## WHAT YOU WILL DO
Transcribe the entries below word for word, beginning at the line with "A Mother with" and stopping after the line with "Ein Badezimmer in"; drop all pictures.

## SUPPLIED MATERIAL
:::::
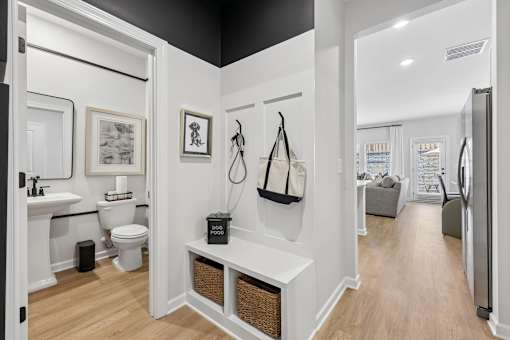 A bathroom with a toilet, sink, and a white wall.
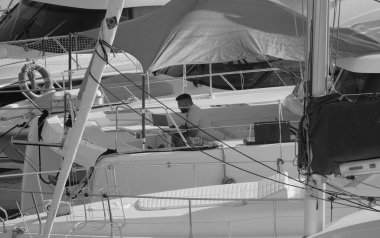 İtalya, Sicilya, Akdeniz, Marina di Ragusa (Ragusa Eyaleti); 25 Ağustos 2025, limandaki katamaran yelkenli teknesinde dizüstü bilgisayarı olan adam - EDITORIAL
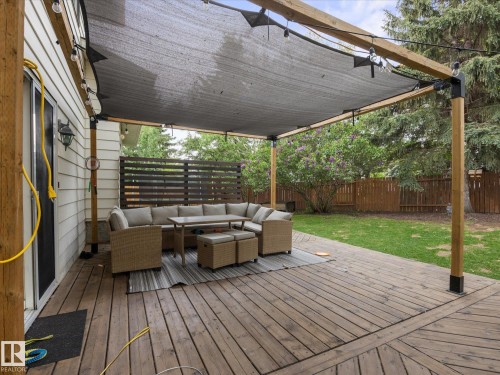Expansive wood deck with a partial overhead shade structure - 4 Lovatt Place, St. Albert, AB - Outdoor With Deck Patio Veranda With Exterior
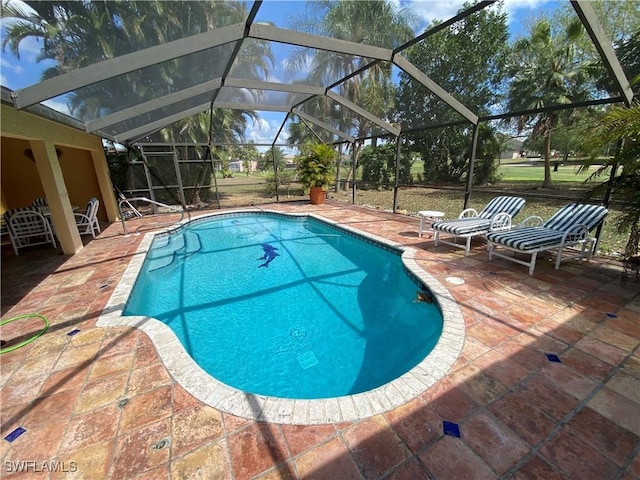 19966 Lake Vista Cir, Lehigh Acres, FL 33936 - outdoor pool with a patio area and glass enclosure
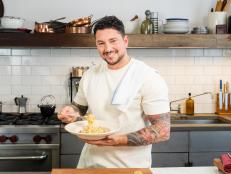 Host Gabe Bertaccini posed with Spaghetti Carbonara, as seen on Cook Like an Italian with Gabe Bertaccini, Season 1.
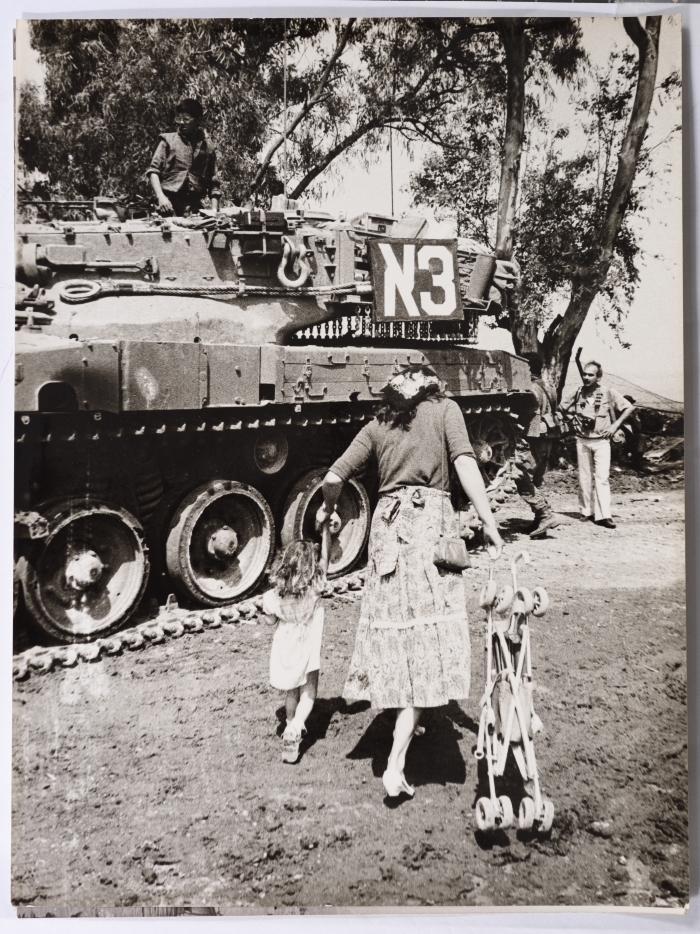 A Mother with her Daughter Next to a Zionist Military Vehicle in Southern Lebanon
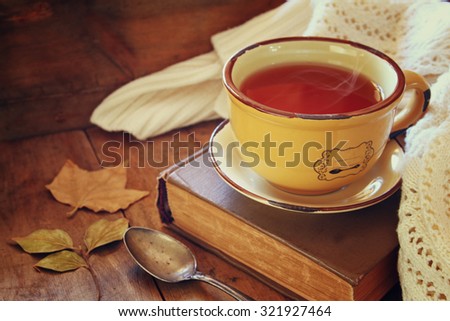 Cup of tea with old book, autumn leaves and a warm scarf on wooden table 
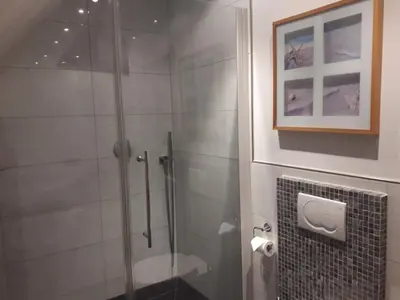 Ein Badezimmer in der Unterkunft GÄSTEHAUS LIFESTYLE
:::::
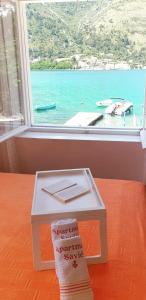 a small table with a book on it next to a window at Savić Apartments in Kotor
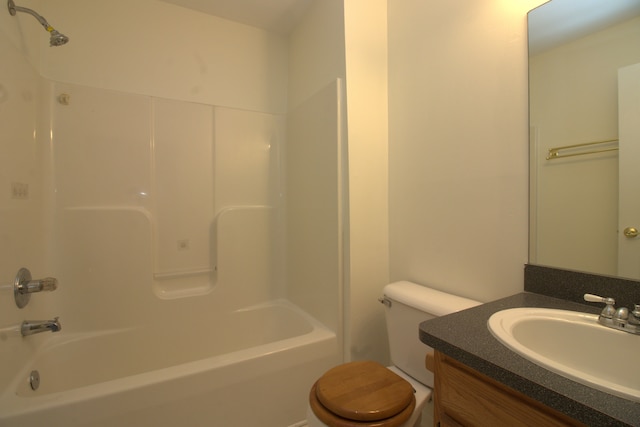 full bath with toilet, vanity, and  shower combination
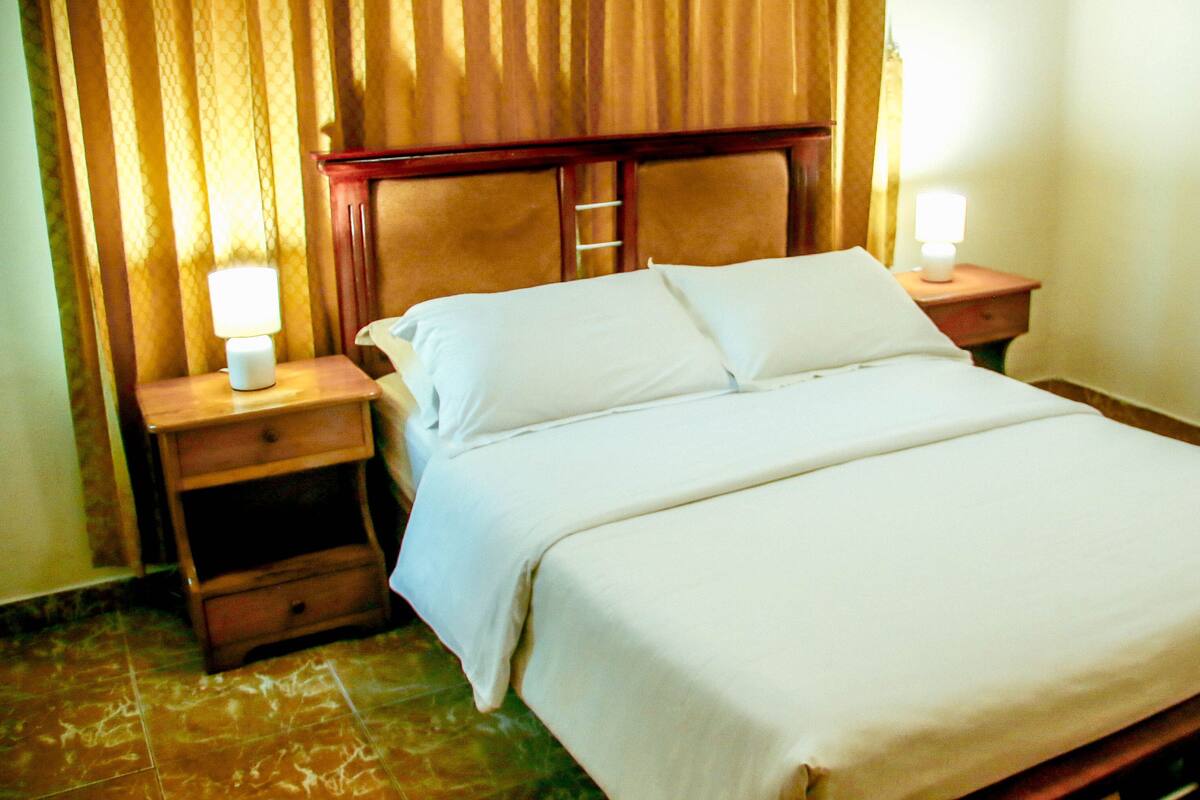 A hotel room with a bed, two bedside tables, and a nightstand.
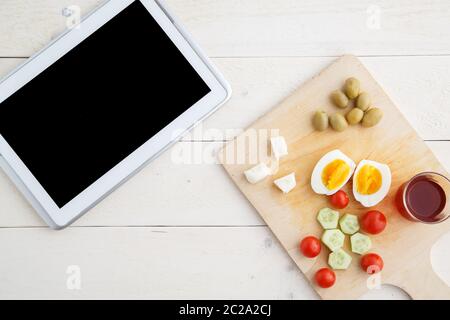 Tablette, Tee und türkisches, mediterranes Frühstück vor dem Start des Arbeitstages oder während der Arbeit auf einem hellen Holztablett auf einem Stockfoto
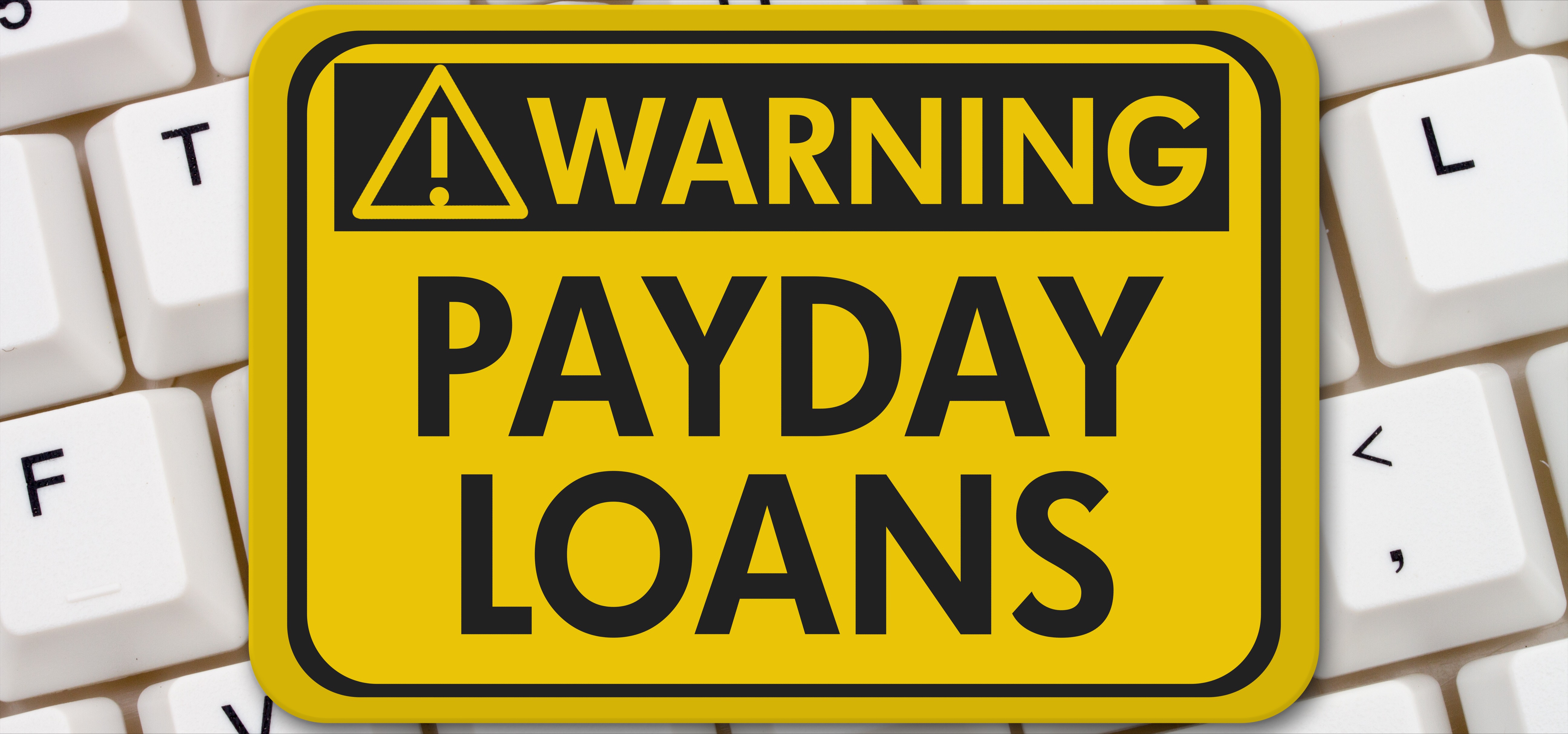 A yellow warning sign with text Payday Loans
:::::
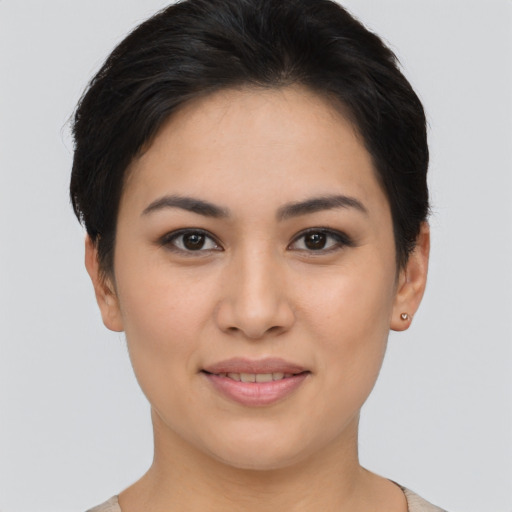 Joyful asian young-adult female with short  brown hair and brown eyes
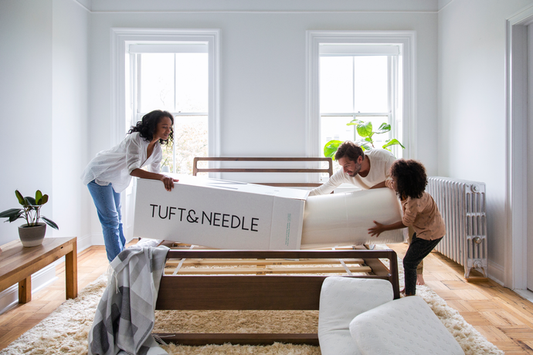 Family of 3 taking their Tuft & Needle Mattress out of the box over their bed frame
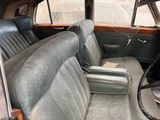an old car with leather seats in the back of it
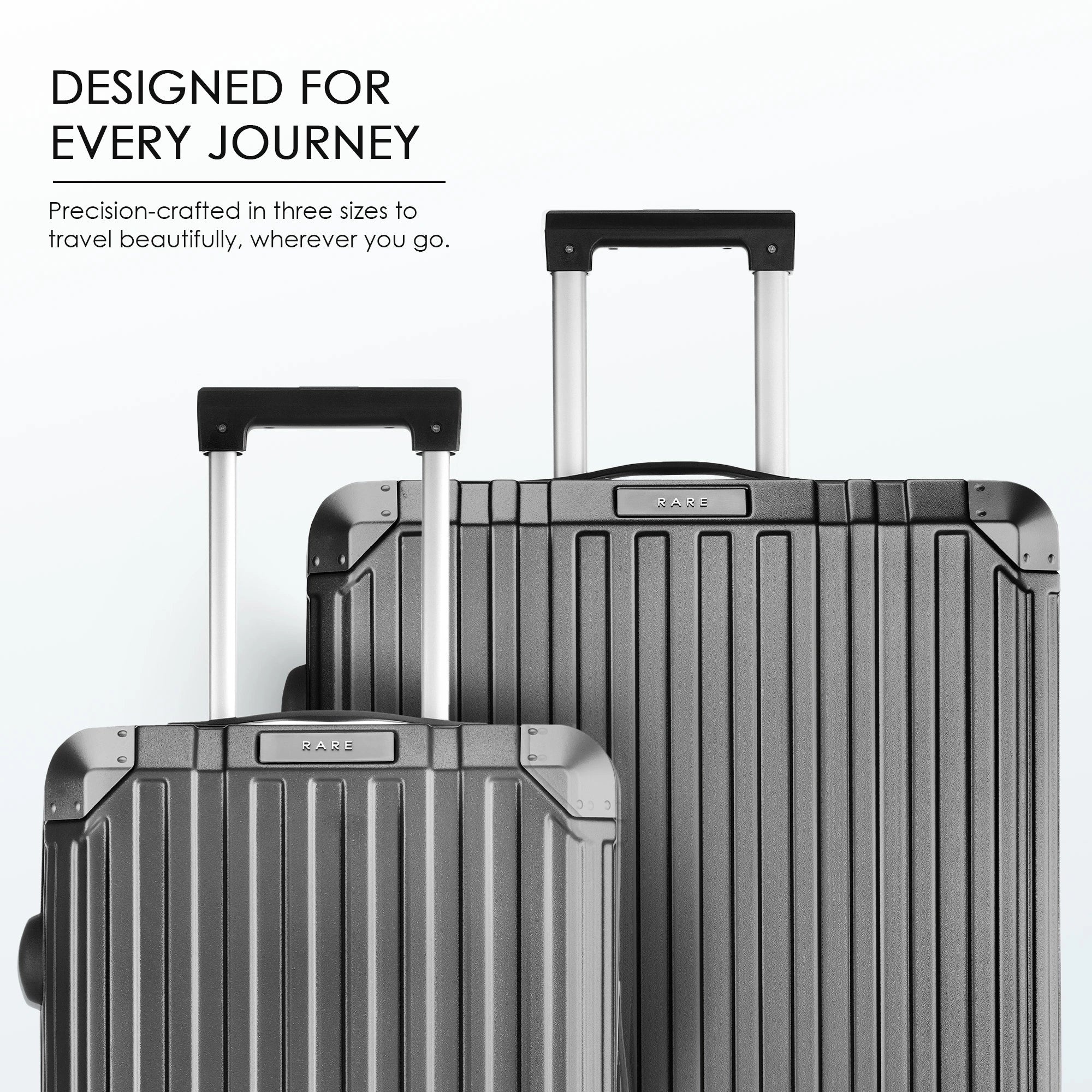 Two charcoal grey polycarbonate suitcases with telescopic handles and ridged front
:::::
## RESULT OF THE TASK
 A Mother with her Daughter Next to a Zionist Military Vehicle in Southern Lebanon
 Cup of tea with old book, autumn leaves and a warm scarf on wooden table 
 Ein Badezimmer in der Unterkunft GÄSTEHAUS LIFESTYLE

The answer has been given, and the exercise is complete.